商店街の向こうから、大きな爆発音が聞こえてきたのだ。三人は音のした方向に駆けつけた。
現場は惨憺たる状況だった。小さな薬局の前で、何らかの爆発が起こったらしい。建物の一部が破損し、ガラスが散乱している。
「何が起こったんですか?」
野次馬の一人に聞くと、驚くべき答えが返ってきた。
「トニックを自分で作ろうとした人がいたんだって。でも調合に失敗して、爆発したらしい」
「自分で作ろうと?」
「ああ、最近トニックが手に入りにくくなってるから、レシピを真似して作ろうとする人が増えてるんだ」
莉花は愛先輩と茉莉を見た。状況はもはや個人レベルの問題ではなくなっている。
「これは…街全体の問題になってますね」
茉莉が小さな声で言った。
「私が始めたことが、こんなことに」
「茉莉さん、自分を責めるのはやめてください」
莉花は茉莉の肩を掴んだ。
「今は解決することが大事です。誰の責任かは後で考えればいい」
その時、莉花の視界に新たな歪みが現れた。今度は爆発現場の真上に、大きな歪みが出現している。
「また歪みが…」
莉花が見上げると、歪みの向こうに別の世界の光景が見えた。そこでも同じような爆発が起こっているようだった。しかし、その世界では爆発の規模がもっと大きく、建物全体が破壊されている。
「あの世界では、もっとひどいことになってる…」
莉花が呟いた時、歪みの向こうから声が聞こえてきた。
「莉花、聞こえる?」
昨日と同じ、自分によく似た声だった。
「茉莉花さん?」
「そう。状況は分かってる。あなたの世界でも暴走が始まったのね」
「暴走?」
「トニックの効果が制御できなくなってる。このままだと、物理法則まで破綻する可能性がある」
莉花は震え上がった。物理法則の破綻など、想像もつかない事態だった。
「どうすればいいんですか?」
「まず、トニックの大量生産を止めなければならない。
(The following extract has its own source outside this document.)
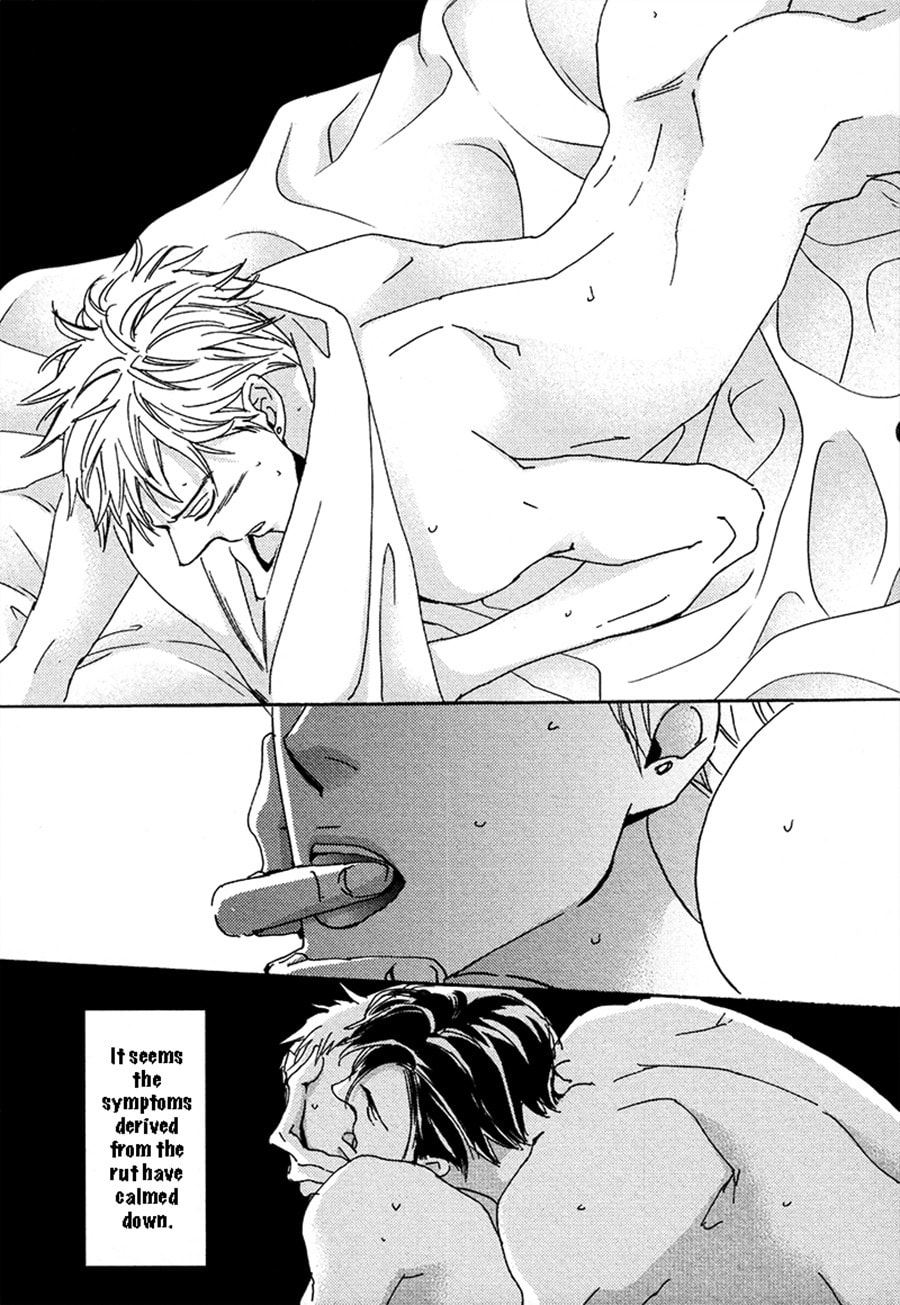 Read Whimsical Jaguar chapter 2 image 23 on Lezhin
そして、ノートに追記されたレシピを無効化する必要がある」
「ノートのレシピを?」
「そう。でも一人では無理。私たちが協力しなければ」
歪みの向こうの茉莉花の声は、どこか疲れ切ったような響きがあった。
「私たち?」
「私たち三人よ。茉莉、莉花、そして茉莉花。本来は一つだった存在が、三つに分かれてしまった」
莉花は理解できずにいた。しかし、とにかく状況が深刻だということは分かった。
「今は何をすればいいですか?」
「大学でのトニック配布を止めて。そして、レシピノートを持っている茉莉を守って。ノートが悪用されると、事態はさらに悪化する」
歪みが次第に小さくなっていく。茉莉花の声も遠くなっていった。
「頑張って、莉花。あなたの行動力が、きっと世界を救う」
歪みが消失した後、莉花は呆然と立ち尽くしていた。
「莉花、どうしたの?また何か見えた?」
愛先輩が心配そうに聞いた。
「はい…でも、今は説明してる時間がありません」
莉花は決断した。
「大学に行きましょう。今すぐに」
三人は爆発現場を離れ、大学に向かった。莉花の心の中で、使命感がふつふつと沸き上がっていた。
茉莉花の言葉が正しければ、自分は単なる傍観者ではない。この問題を解決する鍵を握る存在の一人なのだ。
しかし、彼女たちが大学に到着した時、そこで目にしたのは想像を絶する混乱だった。